Saturday, May 15, 2010


Exile week continues. We're celebrating the imminent release of the Exile on Main Street deluxe box set, remastered, with additional tracks culled from the murky, bluesy sessions that produced that classic. Let's start off with Jimmy Fallon giving Mick Jagger directions on how to be Mick Jagger. Mick, the perfect gentleman (he's so respectable) tries to comply but it's hopeless. Being Mick takes practice. Even for Mick.

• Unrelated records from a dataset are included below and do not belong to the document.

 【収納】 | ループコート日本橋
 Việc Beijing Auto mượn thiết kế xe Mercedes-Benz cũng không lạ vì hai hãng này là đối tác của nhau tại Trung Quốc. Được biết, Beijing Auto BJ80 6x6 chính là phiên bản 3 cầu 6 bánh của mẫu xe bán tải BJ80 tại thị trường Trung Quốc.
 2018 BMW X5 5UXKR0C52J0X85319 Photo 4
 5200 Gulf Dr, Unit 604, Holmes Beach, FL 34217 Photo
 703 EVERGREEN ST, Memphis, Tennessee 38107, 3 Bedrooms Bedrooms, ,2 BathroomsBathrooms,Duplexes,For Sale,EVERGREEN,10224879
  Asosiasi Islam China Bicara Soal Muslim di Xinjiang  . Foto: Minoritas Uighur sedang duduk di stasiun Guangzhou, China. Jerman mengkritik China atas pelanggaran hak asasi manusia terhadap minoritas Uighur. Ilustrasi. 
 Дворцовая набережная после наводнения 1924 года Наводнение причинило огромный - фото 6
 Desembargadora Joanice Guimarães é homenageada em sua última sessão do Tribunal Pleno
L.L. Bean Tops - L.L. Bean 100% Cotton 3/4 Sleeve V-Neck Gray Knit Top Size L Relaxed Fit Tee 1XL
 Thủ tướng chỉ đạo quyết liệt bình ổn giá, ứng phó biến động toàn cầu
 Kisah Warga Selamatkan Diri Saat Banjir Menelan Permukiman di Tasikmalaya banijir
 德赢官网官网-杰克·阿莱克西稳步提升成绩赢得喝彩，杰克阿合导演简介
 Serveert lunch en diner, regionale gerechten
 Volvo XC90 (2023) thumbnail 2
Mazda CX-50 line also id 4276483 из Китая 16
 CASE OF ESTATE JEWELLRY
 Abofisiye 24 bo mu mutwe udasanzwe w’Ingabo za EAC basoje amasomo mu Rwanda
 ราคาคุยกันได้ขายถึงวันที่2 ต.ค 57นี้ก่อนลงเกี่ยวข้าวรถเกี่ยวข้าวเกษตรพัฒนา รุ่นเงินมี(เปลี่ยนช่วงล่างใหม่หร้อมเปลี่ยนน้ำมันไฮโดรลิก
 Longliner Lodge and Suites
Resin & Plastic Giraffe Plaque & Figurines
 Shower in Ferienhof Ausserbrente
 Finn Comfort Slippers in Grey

In case you think it's easy being Stones, here's a rare clip of the Exile band rehearsing backstage in 1972. Keith Richards leads the band in a loose blues jam, Mick Taylor plays rhythm, and that's Nicky Hopkins on the ivory keys. Then they jump into Slim Harpo's classic "Shake Your Hips." You might recognize the one-chord boogie from Exile (released in 1972, a year before ZZ Top came out with the similar sounding "La Grange" on Tres Hombres; More info in comments) And you thought being a Stone was mostly just indulging in drug-addled backstage debauchery. Well, it's also a lot of work! Rehearsals and practice! Step lively, lads! No rest for the wicked! It's like the old joke: Can you tell me how to get to Carnegie Hall? Practice!

1 comment:

Bob Rini said...

Some people might go "Hey, ZZ Top!" but you know better. Slim Harpo wrote "Shake Your Hips" before the bearded ones had peach fuzz, and before Mick and Keith got around to it on "Exile." Harpo released the one-chord blues boogie on Excello Records in 1966, and the song was based on John Lee Hooker's "Boogie Chillen."

The Stones released their version in 1972, and ZZ Top released "La Grange" on "Tres Hombres" in 1973.